There is also the important matter of the social responsibility of scientists, who should present balanced and clear material to the wider public. Chen and Narins may not have been aware of the confusion, misconceptions and distortions which envelop the topic of infrasound from wind turbines. This is partly due to Pierpont’s unproven claims of direct pathophysiological effects (Wind Turbine Syndrome), consequent upon exposure to low levels of infrasound, and which have been picked up by all objector web pages. Care should be taken to ensure that these web pages are not supplied with incorrect and unsustainable material.

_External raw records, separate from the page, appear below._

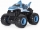 Masina de jucarie Macheta Megalodon, seria Roar, scara 1 la 43, Monster Jam Spin Master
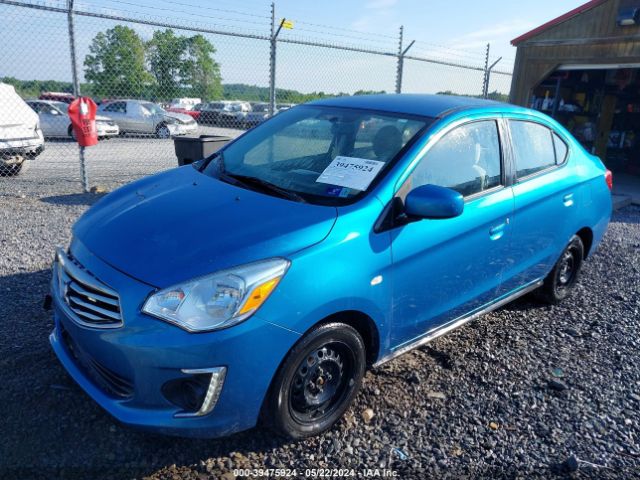 2019 MITSUBISHI MIRAGE G4 ML32F3FJ8KHF14195 Photo 1
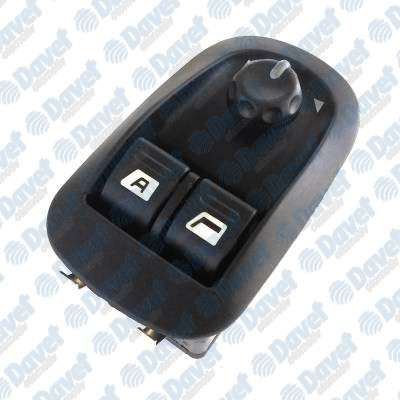MCAR AN-608 Ayna Ayar Kumandasi P206 - P306 - Expert-Jumpy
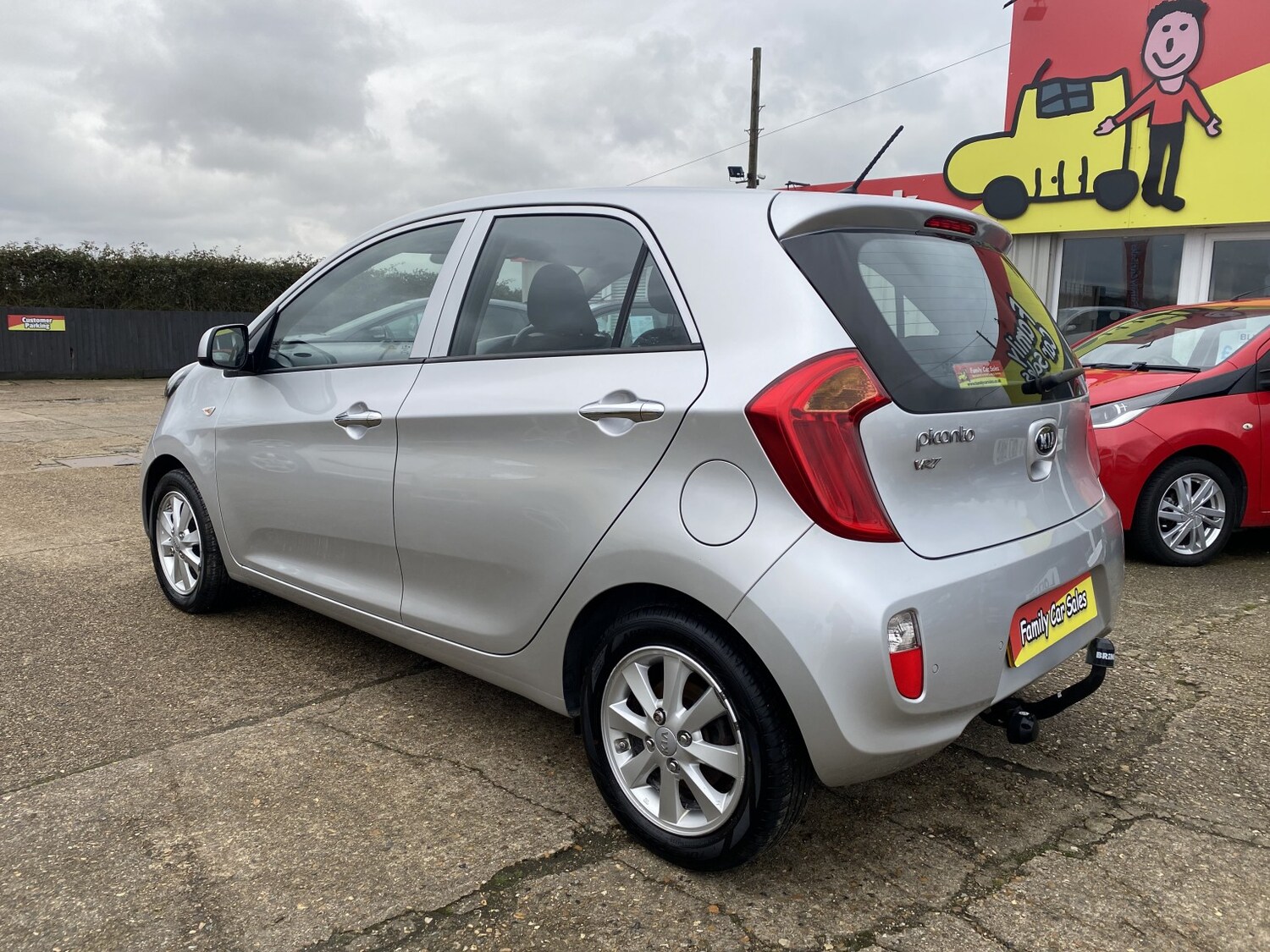 Used Kia Picanto 2014 for sale - 77681724: Photo 12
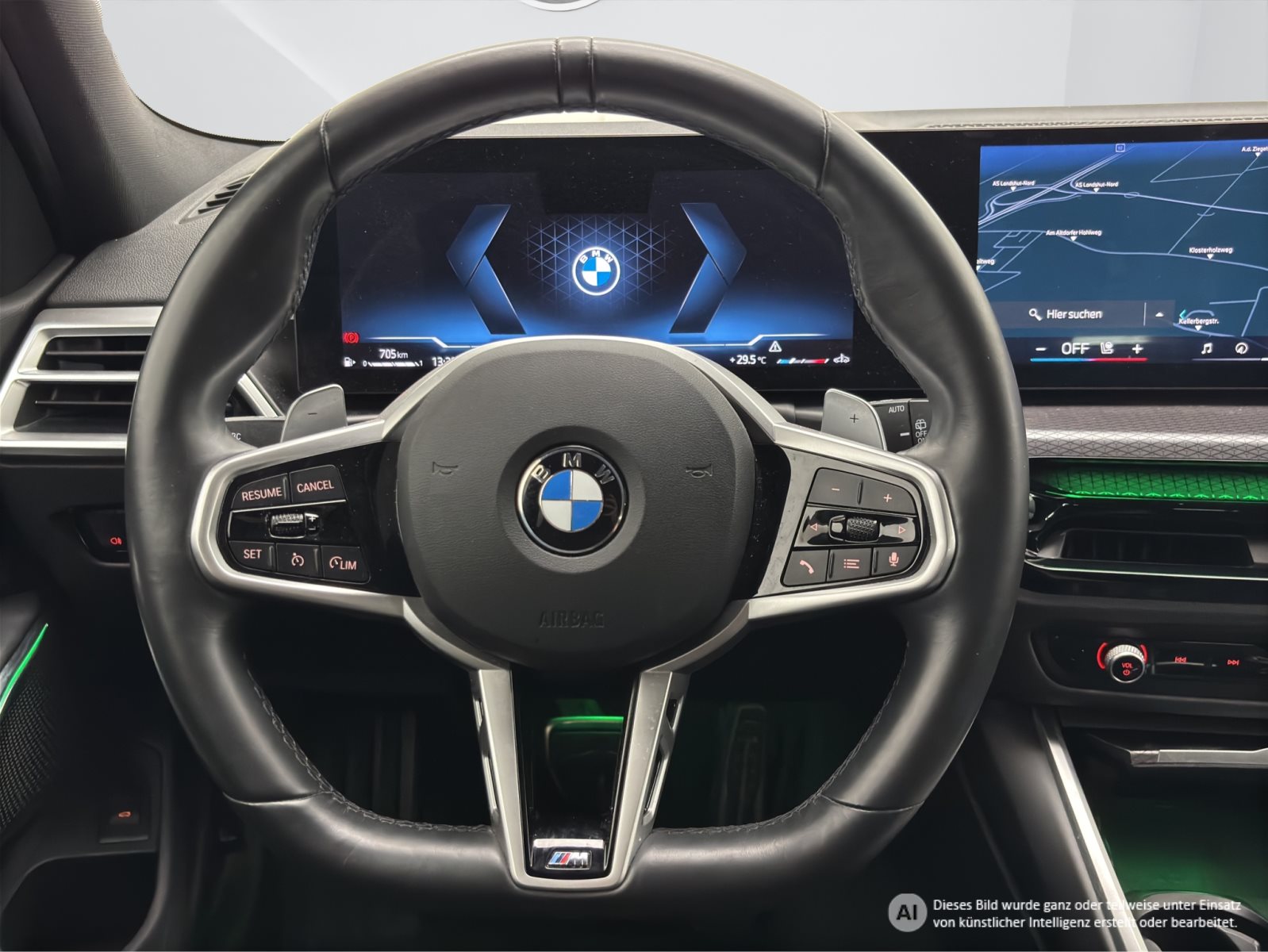 Fahrzeugabbildung BMW 320i Touring [M Sport Pro, LC+, RFK, 18 LMR]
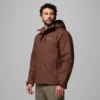 Herren Cascadian Peaks™ Isolierte Jacke – Lang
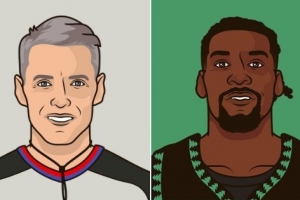 大势已去！里德被吹进攻犯规&挑战失败抱怨直接被福斯特驱逐 配图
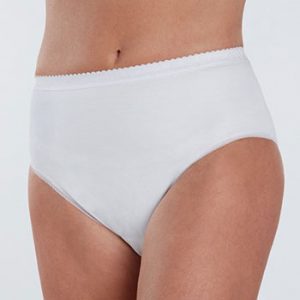 Slips et culottes absorbantes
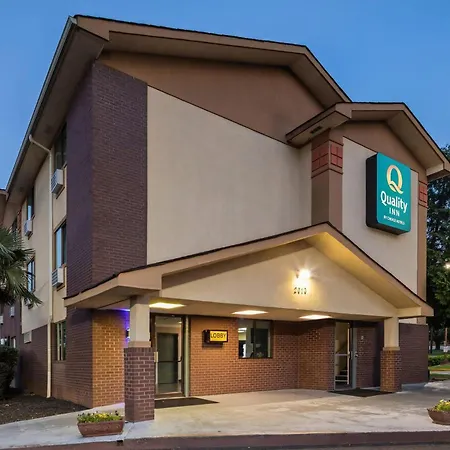 Quality Inn Atlanta Airport-Central-2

- Is the Wisconsin Shirley report credible? A Wisconsin, USA report is attracting attention since its submission to a wind farm siting review group in December 2012. Colloquially known as the Shirley Report based on the name of the wind farm where measurements were done, it is being used broadly by anti-wind advocates as proof of the health concerns related to wind energy. Key problems include that it accepted at face value attribution of health effects to wind turbines for only subsets of three families who claimed impacts, that it found only inaudible levels of infrasound and that it appears to have ignored the extensive reviews of high evidentiary value showing that wind farms do not harm health and that infrasound is not an issue or concern. Once again, Geoff Leventhall’s opinion is important to note, as he is likely the most cited and referenced acoustician working in wind energy and health:
The Shirley Report did not produce much new. We know that WTs radiate infrasound, but that levels are too low to be a problem. But we also know that some people are upset /made ill by WTs in their neighbourhood and prefer to move away. The Shirley report did go down to lower frequencies than most of the earlier measurements, but did not reveal anything important. I have been pointing out for years that the body is a very noisy place at low and infrasound frequencies – for example see my critique of wind turbine syndrome for the Glacier Hills (Wisconsin) hearing in 2009.
Paul Schomer’s attempt to relate vibration induced motion sickness to infrasound from WTs will surely fail, if only because the inner ear picks up lots of body sounds at low frequencies.
The Shirley report is a consultancy report, dated 24 December, and probably finished off in a hurry. You cannot expect it to have the same standard as a journal publication.
What does this all mean?
While infrasound can cause impacts on humans when it’s extremely intense and with very prolonged exposure, wind turbines generate too little of it to have any impact near or far.